How to configure SIRIUS to compute large data sets that contain high mass compounds?

When computing molecular formulas with SIRIUS a few high mass compounds usually need most of the computing time, and some of them might not finish computing in reasonable time at all and block your whole analysis.

The most straightforward solution is to exclude high mass compounds from the analysis, by setting a mass threshold. This will usually allow you to annotate the vast majority of your data. However, many of the higher mass compounds will work just fine, and it would be a pity to not annotate them. Therefore, the recommended solution is to set a per-compound timeout (--compound-timeout) so that a few hard cases cannot block your analysis. —

There are two main reasons why the running time of the molecular formula identification takes very long for a specific compound:

1. Extremely high number of candidates for the given precursor mass (most common reason).

Possible solutions:

  • If you are only interested in molecular structure database hits, you can only consider formulas present in the molecular structure database. Restricting the number of candidates to a database usually solves all running time problems. Keep in mind that you might miss the correct novel molecular formula for some compounds; yet, the confidence score should make it possible to identify these cases. This is not suggested if you are interested in CANOPUS results.

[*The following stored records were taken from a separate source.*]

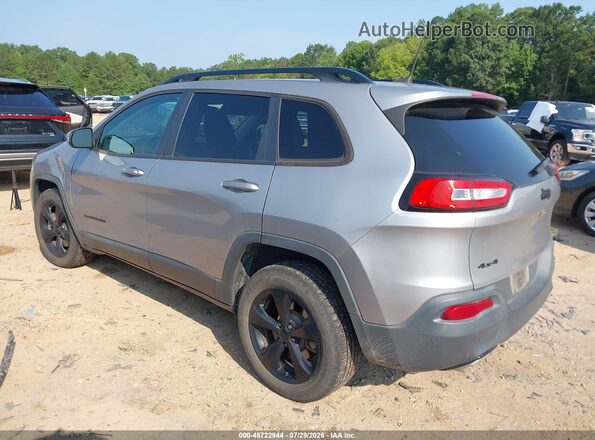 1C4PJMCXXJD507610 2018 JEEP CHEROKEE Silver Trasero izquierdo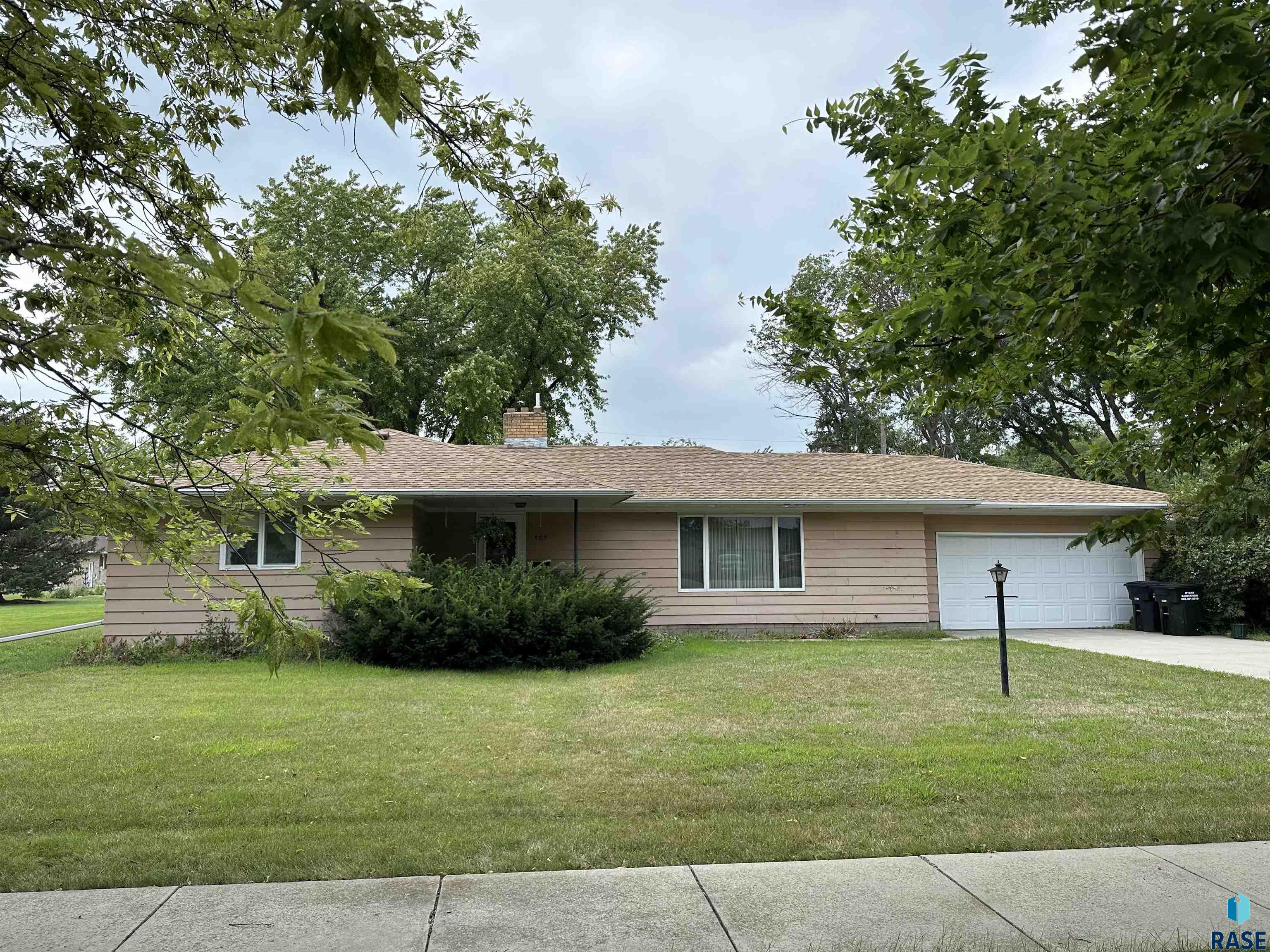 405 S Pine St Street, Menno, South Dakota image 3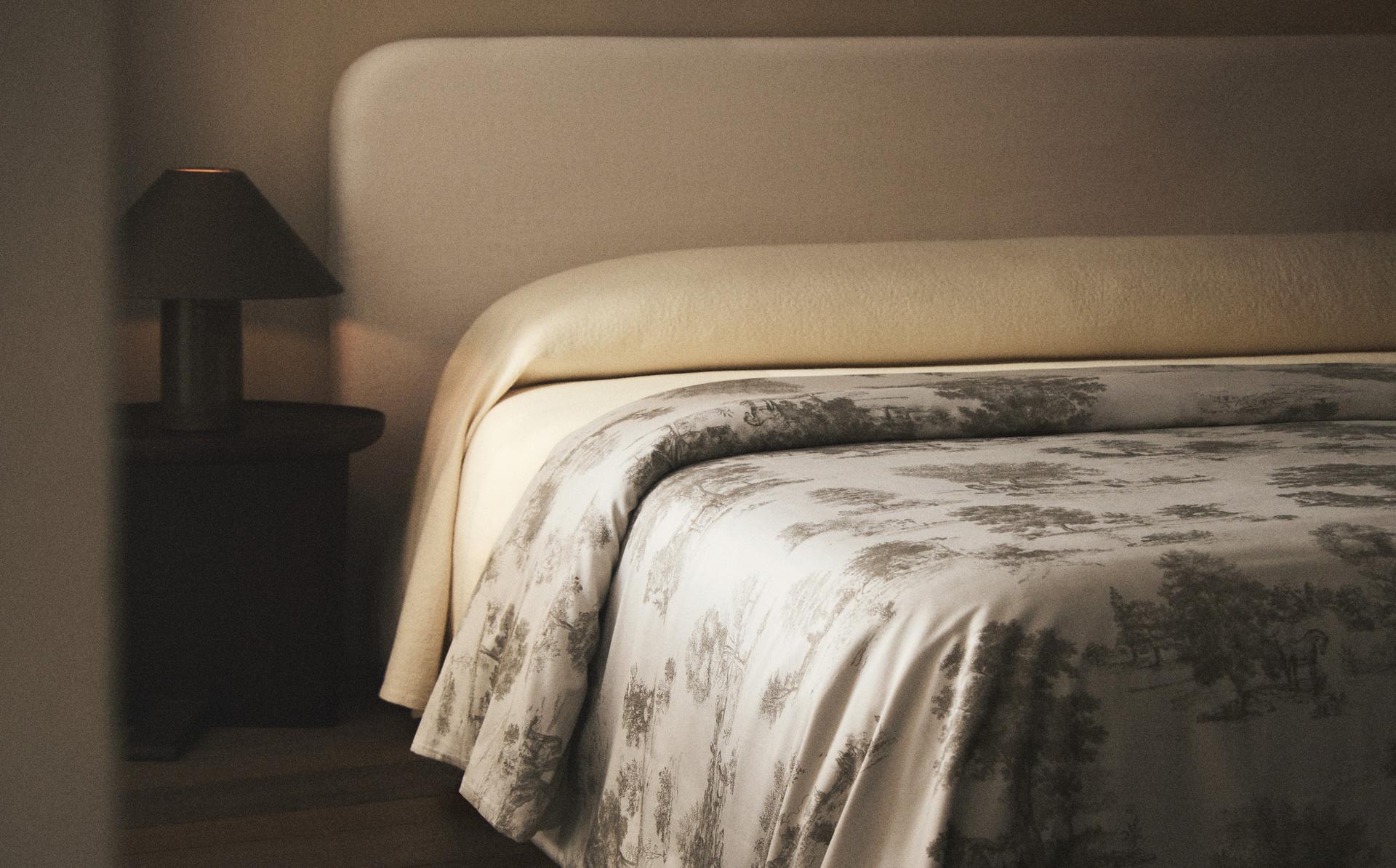 SATEEN DUVET COVER WITH PRINT (300 THREAD COUNT) SATEEN DUVET COVER WITH PRINT (300 THREAD COUNT)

  • Set a per-compound timeout (not per-tree) to prevent the malicious cases from blocking your dataset analysis.

2. Optimizing the fragmentation tree for a candidate takes very long. Running times for solving the optimization problem to compute the fragmentation tree generally increases with the size of the tree but for some rare, extremely hard cases, it may take unreasonably long.

Possible solutions:

  • Use a commercial ILP Solver. Even if multithreading works very well since we switched to CLP as integrated solver, the commercial solvers (Gurobi and CPLEX) are still noticeably, faster especially for the hard cases.
  • Enable “heuristic-algorithm-only” for compounds above a certain mass (this is possible since SIRIUS version 4.7.0). The resulting tree might not be optimal for certain instances, but still “good enough” for CSI:FingerID; and a heuristic tree is better than no tree.
  • Set a timeout per-compound (--compound-timeout) or per-tree (less predictable) (--tree-timeout), to prevent the malicious cases from blocking your dataset analysis.

Note: Selecting many “rare” elements can also dramatically increase the number of formula candidates, which can result in immense running time even for compounds with lower masses.